**Raw data:**

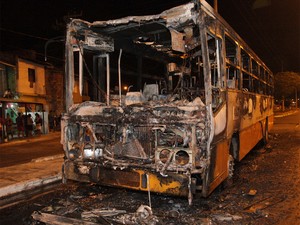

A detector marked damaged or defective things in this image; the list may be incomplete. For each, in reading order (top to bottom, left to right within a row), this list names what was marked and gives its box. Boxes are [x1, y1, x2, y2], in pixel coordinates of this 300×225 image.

burned bus [61, 0, 274, 204]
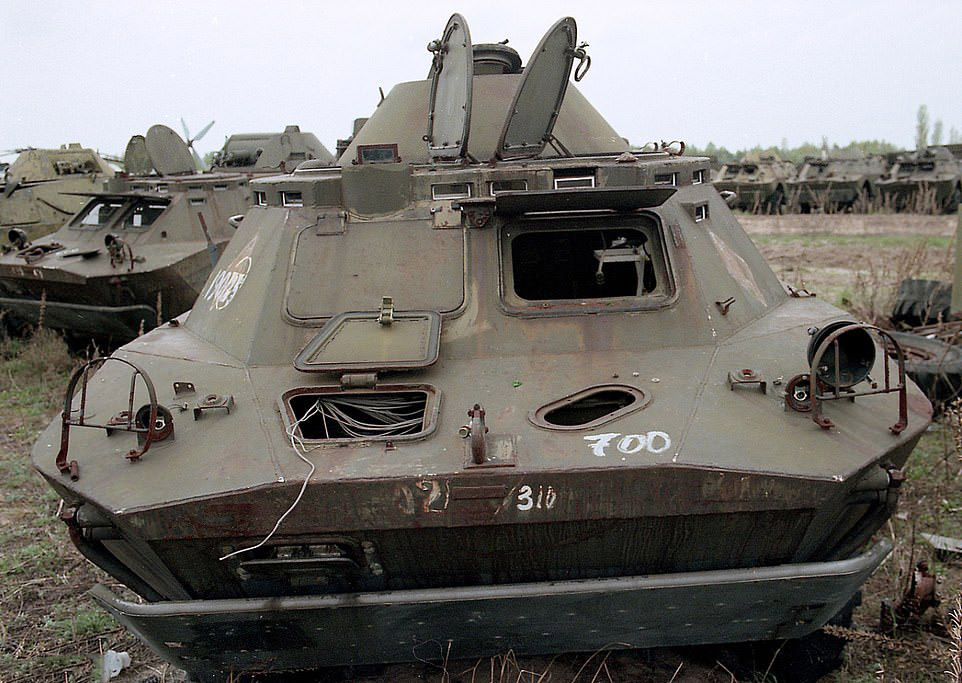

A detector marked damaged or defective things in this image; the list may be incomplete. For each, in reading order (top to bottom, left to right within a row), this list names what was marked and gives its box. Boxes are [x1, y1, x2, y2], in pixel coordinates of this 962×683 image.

rusty armored vehicle [0, 142, 115, 240]
rusty armored vehicle [712, 153, 796, 212]
rusty armored vehicle [788, 151, 884, 212]
rusty armored vehicle [876, 147, 960, 214]
rusty armored vehicle [0, 125, 334, 342]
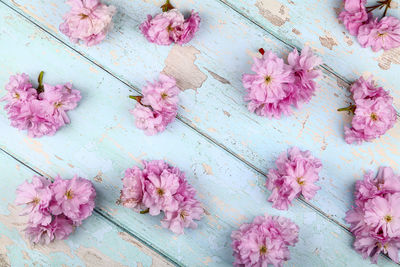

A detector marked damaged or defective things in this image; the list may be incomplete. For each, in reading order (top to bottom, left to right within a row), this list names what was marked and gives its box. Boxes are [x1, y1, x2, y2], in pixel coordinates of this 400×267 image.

chipped paint patch [256, 0, 290, 26]
chipped paint patch [318, 34, 338, 50]
chipped paint patch [162, 45, 206, 91]
chipped paint patch [378, 47, 400, 70]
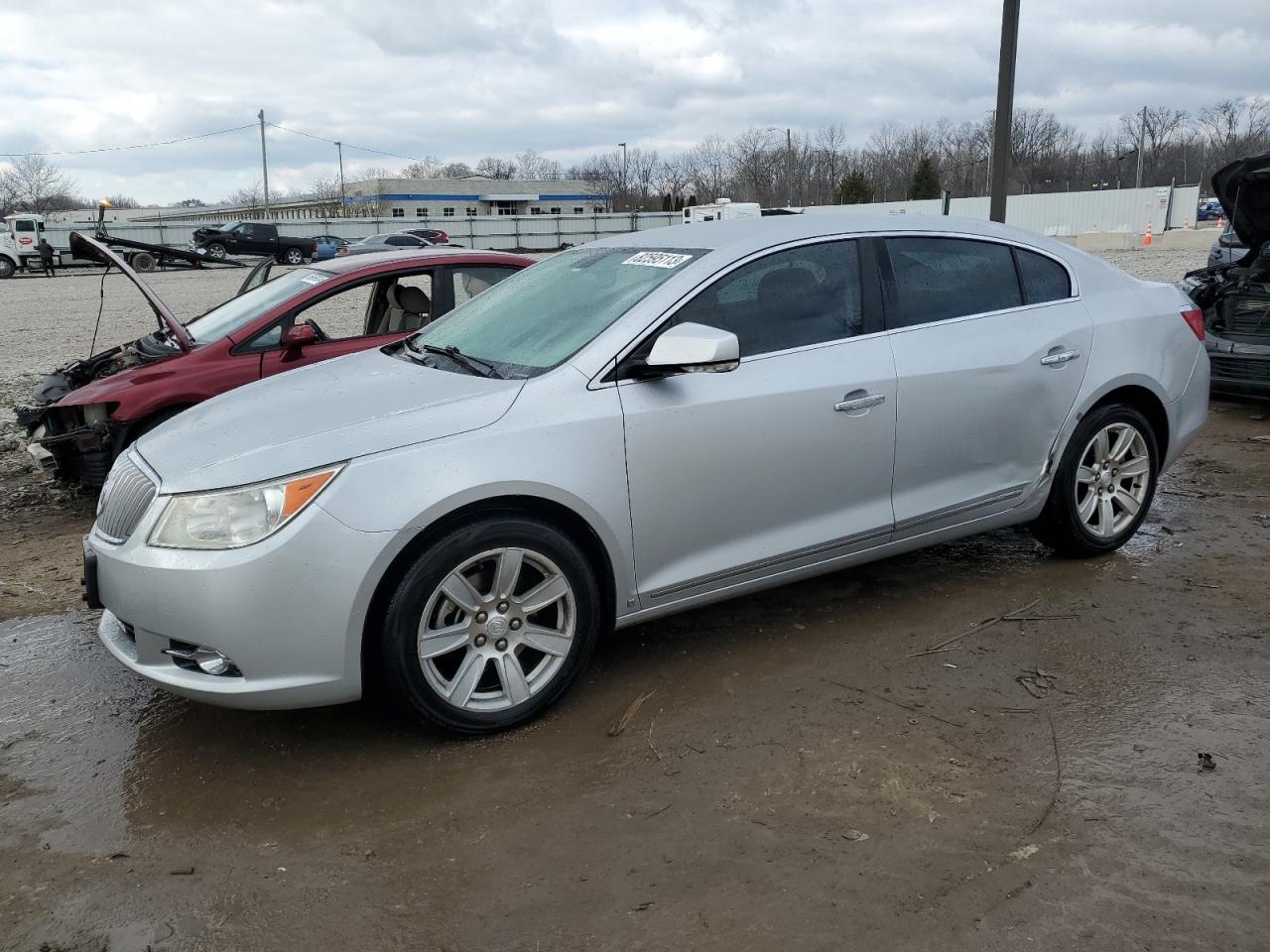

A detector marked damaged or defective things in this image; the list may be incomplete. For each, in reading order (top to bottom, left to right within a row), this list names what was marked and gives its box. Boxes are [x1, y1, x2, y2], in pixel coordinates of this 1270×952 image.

red damaged car [21, 233, 536, 487]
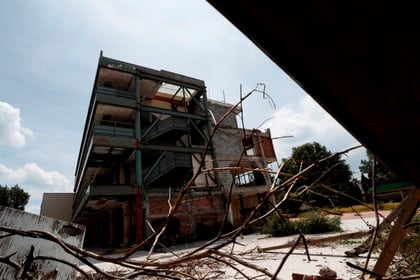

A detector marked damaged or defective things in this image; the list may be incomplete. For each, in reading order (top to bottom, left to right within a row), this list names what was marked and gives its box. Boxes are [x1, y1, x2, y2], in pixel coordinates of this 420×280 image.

rusted metal [0, 206, 85, 280]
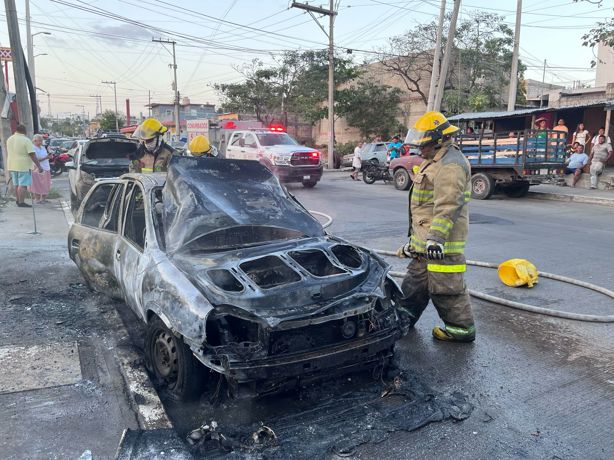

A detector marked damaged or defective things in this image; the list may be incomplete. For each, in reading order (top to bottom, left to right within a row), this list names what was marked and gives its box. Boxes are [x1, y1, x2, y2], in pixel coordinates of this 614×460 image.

burned car [67, 135, 140, 210]
charred car hood [164, 156, 328, 253]
burned tire [474, 172, 498, 199]
burned tire [502, 181, 532, 198]
burned car [68, 157, 410, 398]
burned car interior [70, 156, 410, 400]
charred car hood [170, 237, 390, 328]
burned tire [146, 316, 206, 398]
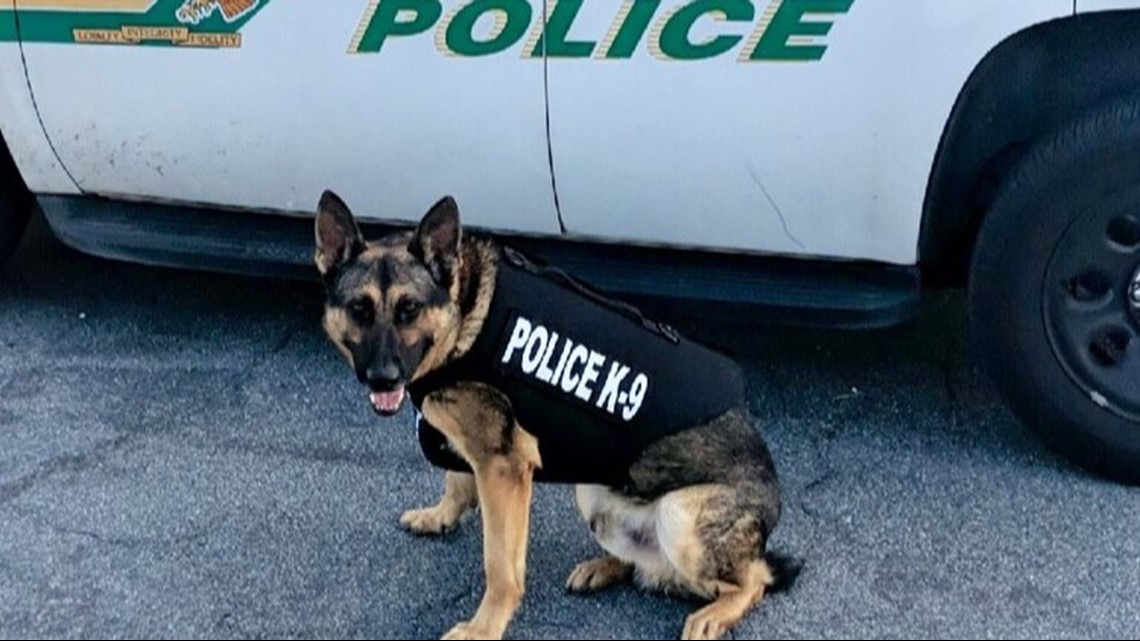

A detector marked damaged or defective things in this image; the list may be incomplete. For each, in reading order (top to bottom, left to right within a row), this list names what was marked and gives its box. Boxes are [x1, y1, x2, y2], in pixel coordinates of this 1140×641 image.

cracked asphalt [2, 212, 1140, 634]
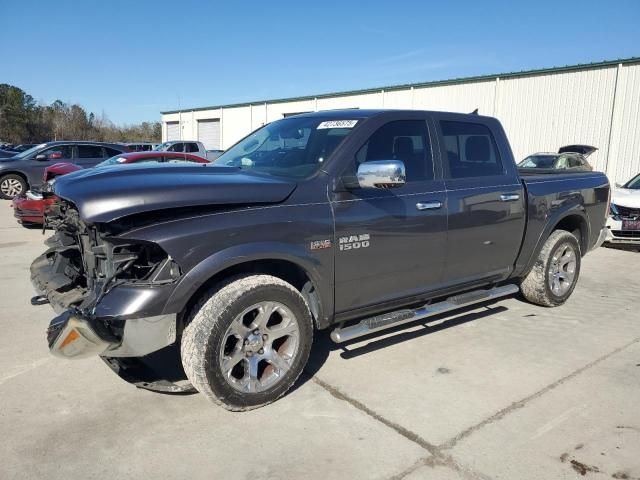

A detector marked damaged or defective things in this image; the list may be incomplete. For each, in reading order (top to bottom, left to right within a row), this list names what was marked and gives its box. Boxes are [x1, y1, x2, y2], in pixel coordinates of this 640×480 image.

crumpled hood [52, 163, 298, 223]
crumpled hood [608, 188, 640, 209]
front-end collision damage [33, 201, 192, 392]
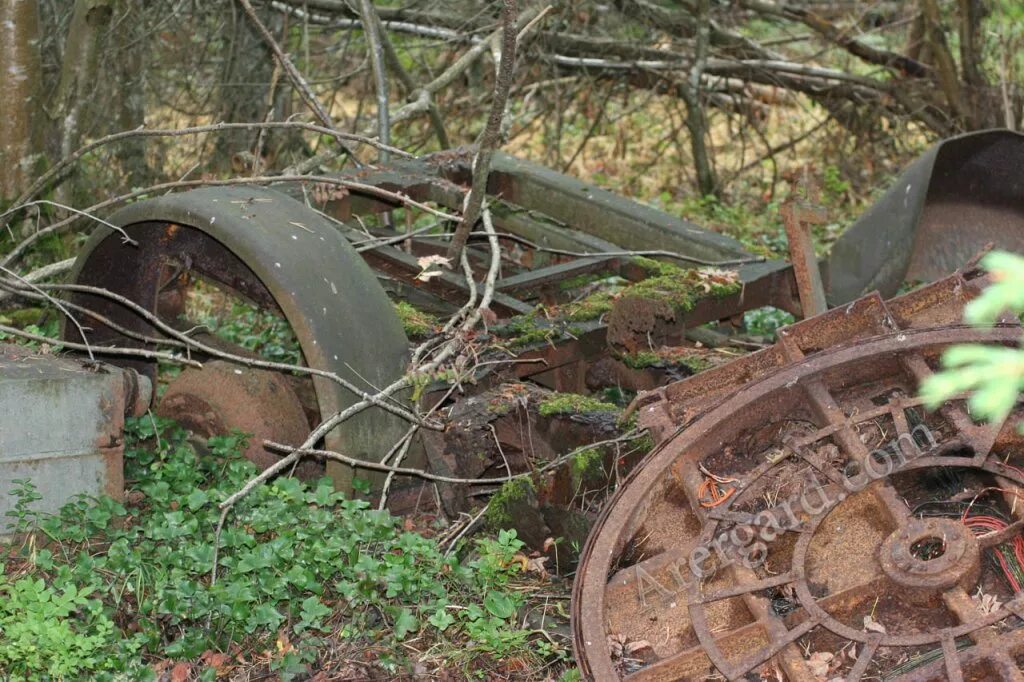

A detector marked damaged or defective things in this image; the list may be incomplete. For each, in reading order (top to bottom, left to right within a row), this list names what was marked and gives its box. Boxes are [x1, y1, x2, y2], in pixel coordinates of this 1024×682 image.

corroded metal fender [61, 186, 408, 492]
corroded metal fender [828, 129, 1024, 304]
rusty iron wheel [572, 324, 1024, 680]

**Exercise directions:** Please print the span that begins at the line holding "this 1140×641 image." and ends at the last line of the data, both ends included, with no pictures.

**Result below:**
A detector marked damaged or defective things in this image; the list may be incomplete. For each, in reading order (top to bottom, left to right within a row), this list names what was marked and gives its box. Boxes are [x1, y1, x2, y2], in pixel coordinates of this 1140×641 image.

cracked asphalt [2, 212, 1140, 634]

A detector marked damaged or defective things in this image; the list may be incomplete. For each, in reading order (top to bottom, left to right within a row), this list names what was marked and gives its box. Boxes are [x1, y1, x2, y2], in pixel coordinates of this 640×480 image.

crumpled hood [52, 163, 298, 223]
crumpled hood [608, 188, 640, 209]
front-end collision damage [33, 201, 192, 392]

A detector marked damaged or defective things in this image; the list may be incomplete. For each, in reading order (top to bottom, left to right within a row), this list names what was marked and gives its box. Boxes are [x1, y1, x2, y2], in pixel coordinates of this 1024×682 image.

corroded metal fender [61, 186, 408, 492]
corroded metal fender [828, 129, 1024, 304]
rusty iron wheel [572, 324, 1024, 680]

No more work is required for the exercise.